Advancements achieved in Europe's energy unification to strengthen competitiveness; however, significant work still lies ahead

The current status of the EU's energy policy, a year after Draghi's announcement.
The current status of the EU's energy policy, a year after Draghi's announcement.

A look at the current state of EU energy policy, one year after Draghi's initiative.

The European Union is in the process of implementing a long-term energy plan, based on the recommendations made by former Italian prime minister Mario Draghi in his September 2024 report. The plan, aimed at addressing high energy prices and boosting competitiveness, sustainability, and decarbonisation, is expected to undergo a fundamental revision in the coming months.

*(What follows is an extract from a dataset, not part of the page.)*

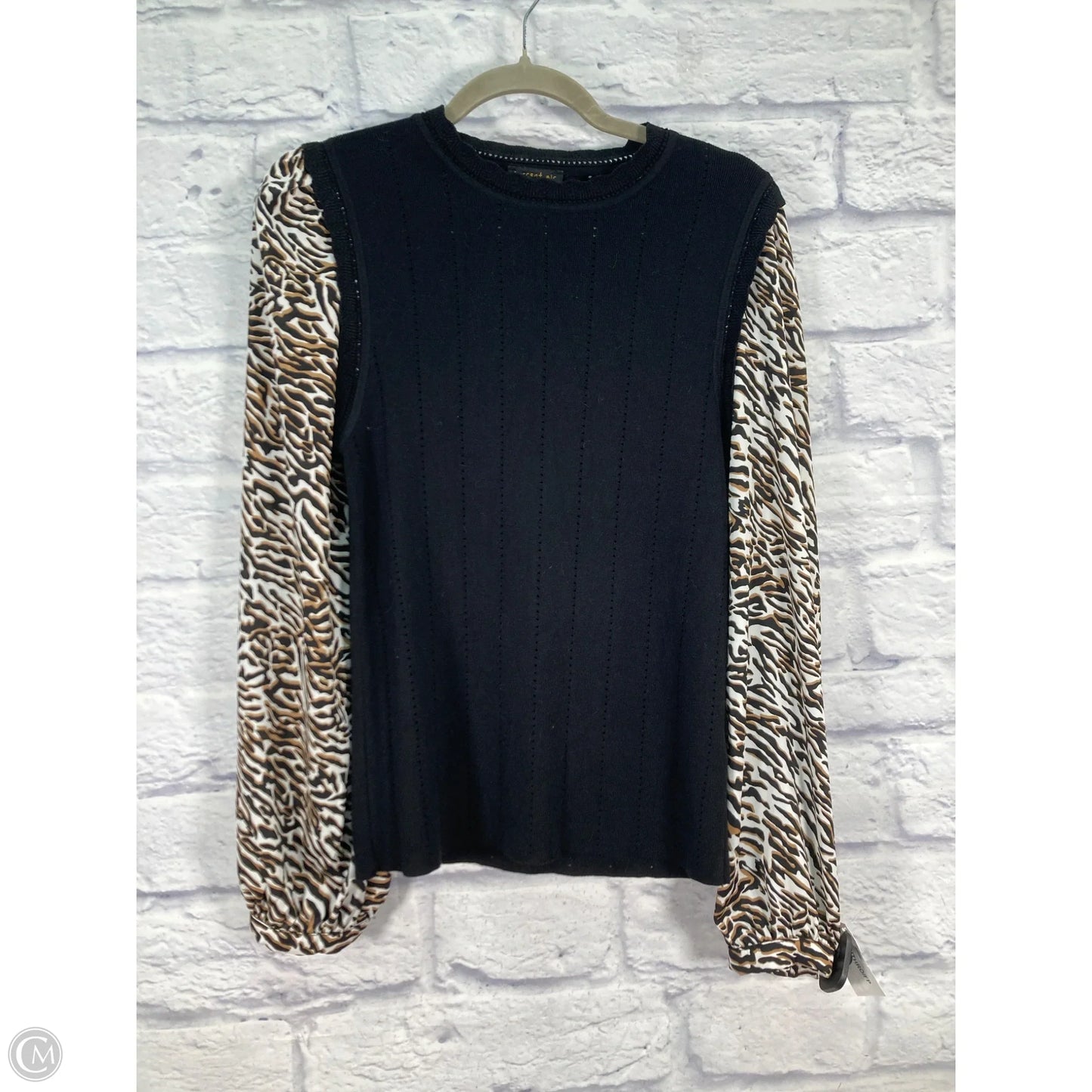 Top Long Sleeve By Current Air In Black & Brown, Size: M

One of the key areas highlighted by Draghi was the need for deeper electricity market integration. Measures to deepen this integration are planned for proposal in early 2026, with the aim of marking a genuine step towards a real EU electricity union. However, the Affordable Energy Action Plan, published by the European Commission in February 2025, has not fully implemented several proposals from Draghi's report.

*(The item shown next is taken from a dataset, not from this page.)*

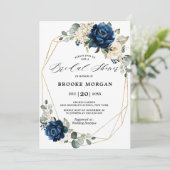 ネイビー金ゴールドホワイトアイボリー幾何学ブライダルシャワー 招待状 (スタンド正面)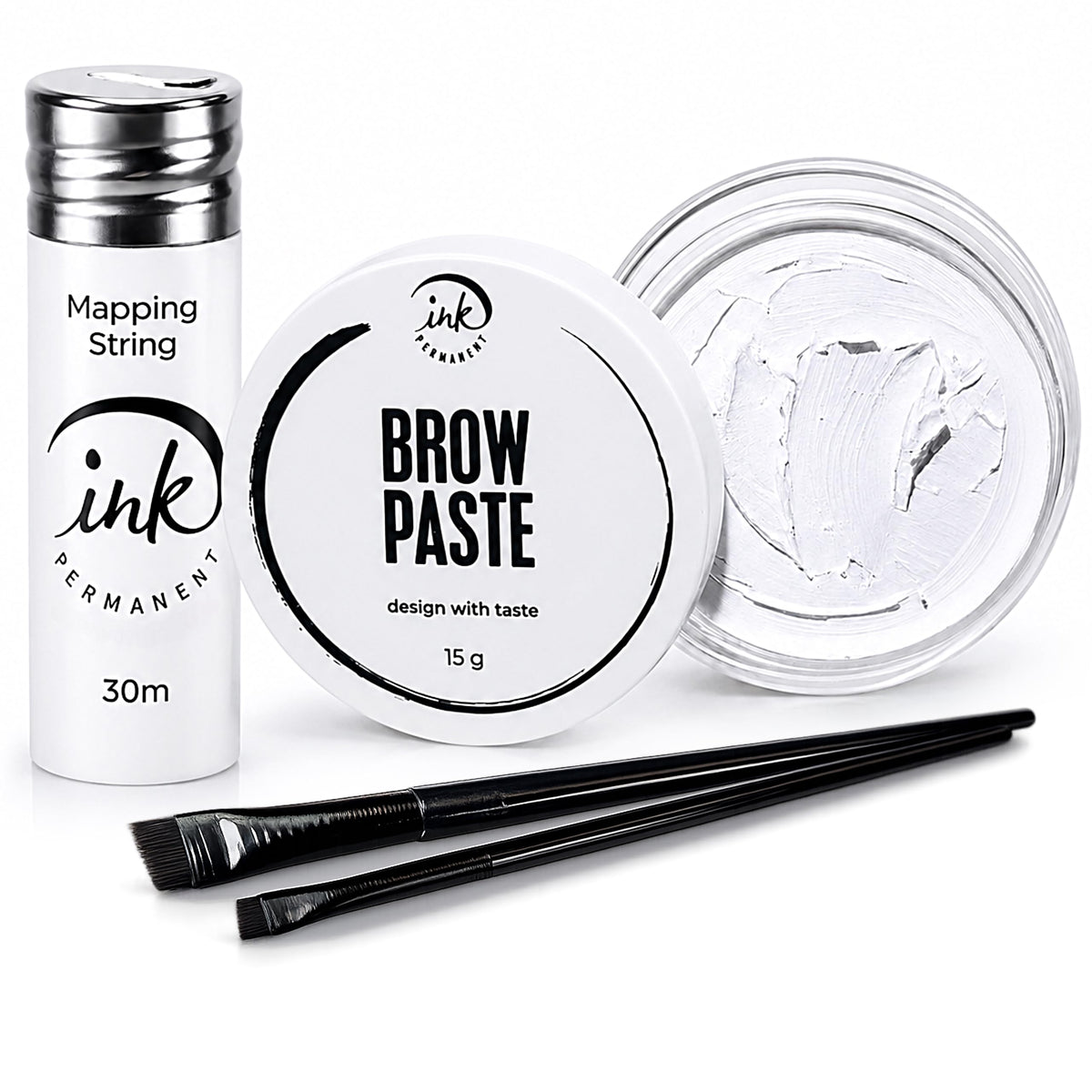 Ink Permanent front packaging showing full brow mapping kit benefits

The Commission has increased the funding for electricity infrastructure from €6 billion to €30 billion in the proposed EU 2028-2034 budget. This increased funding signals the Commission's intent to invest in energy infrastructure to underpin European competitiveness. The Commission is also set to propose a European Grid Package by the end of 2025, which aims to upgrade and expand grids to support rapid electrification and speed up permitting.

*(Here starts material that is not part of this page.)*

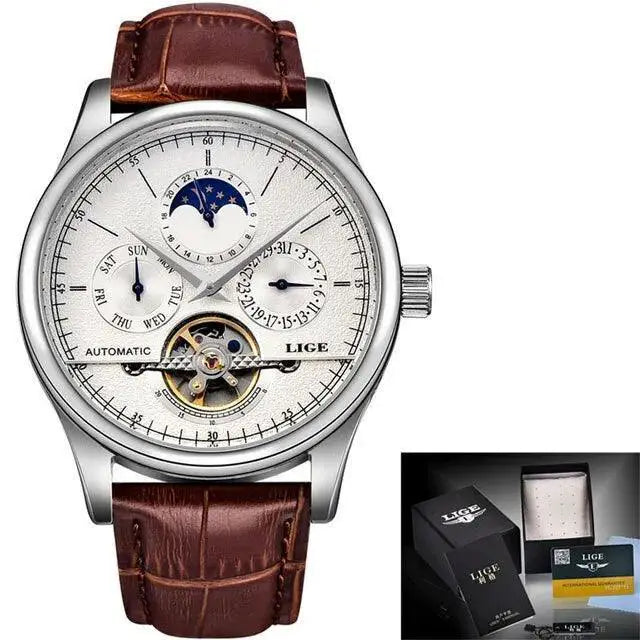 LIGE Tourbillon Watch Automatic Movement Timepiece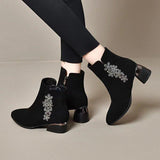 Cute Rhinestone Flower Zip-up Booties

Another important aspect of Draghi's recommendations was the need to remove national political obstacles to the development of interconnectors and to shorten permitting times for clean energy projects and electricity grid expansion. However, these aspects have not been addressed in the Affordable Energy Action Plan.

The Commission has adopted a new State Aid Framework in July, giving EU countries greater leeway to subsidise energy for industry. This move is risky due to potential distributional implications, fostering a subsidy race, and keeping energy demand high.

Potentially significant initiatives for energy integration in Europe are on the way. The Commission has endorsed several of Draghi's proposals, but the implementation is yet to be seen. The response to Draghi's call for action on energy has been more incremental than disruptive.

The initiatives will show if Draghi's recommendations on energy will have any real lasting impact. These initiatives will represent Europe's moment of truth for energy integration. The Commission has also signed a pledge to buy $750 billion of energy products from the US by the end of 2028 as part of the EU-US trade deal.

In conclusion, the European Union is taking steps towards implementing a long-term energy plan based on Mario Draghi's recommendations. However, the success of these initiatives and their impact on energy prices, competitiveness, and decarbonisation remains to be seen.